◆ Your objective: Please write out all the data that follows exactly, without the pictures.

◆ Data block:
......

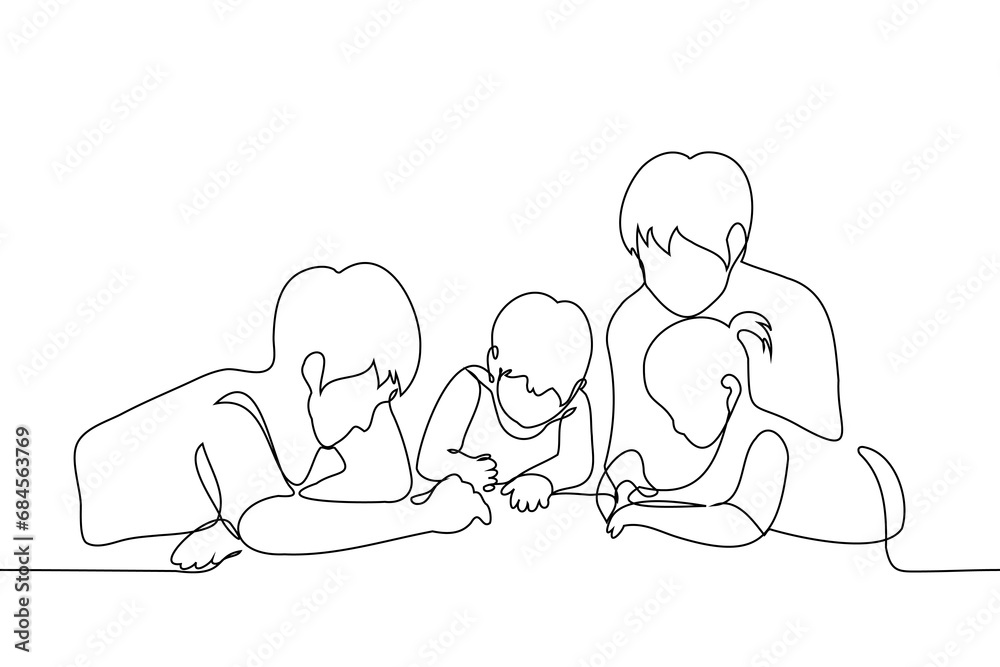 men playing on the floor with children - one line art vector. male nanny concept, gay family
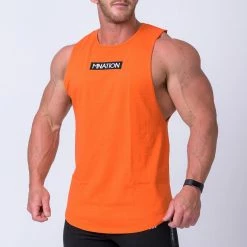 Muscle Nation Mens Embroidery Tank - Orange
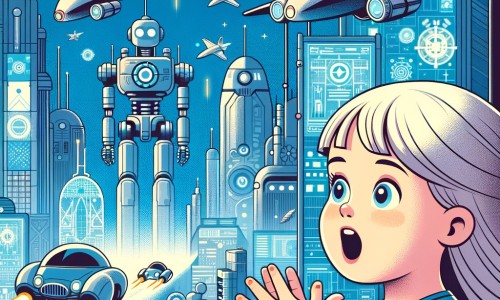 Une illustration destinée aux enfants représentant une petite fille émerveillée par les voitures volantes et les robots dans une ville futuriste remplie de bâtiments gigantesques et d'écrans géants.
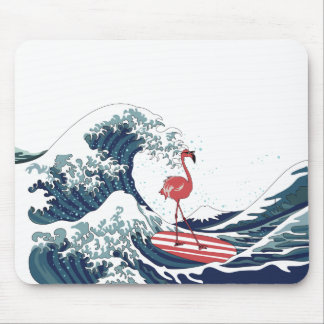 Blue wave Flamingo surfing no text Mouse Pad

......

◆ Your response:
 men playing on the floor with children - one line art vector. male nanny concept, gay family
 Muscle Nation Mens Embroidery Tank - Orange
 Une illustration destinée aux enfants représentant une petite fille émerveillée par les voitures volantes et les robots dans une ville futuriste remplie de bâtiments gigantesques et d'écrans géants.
 Blue wave Flamingo surfing no text Mouse Pad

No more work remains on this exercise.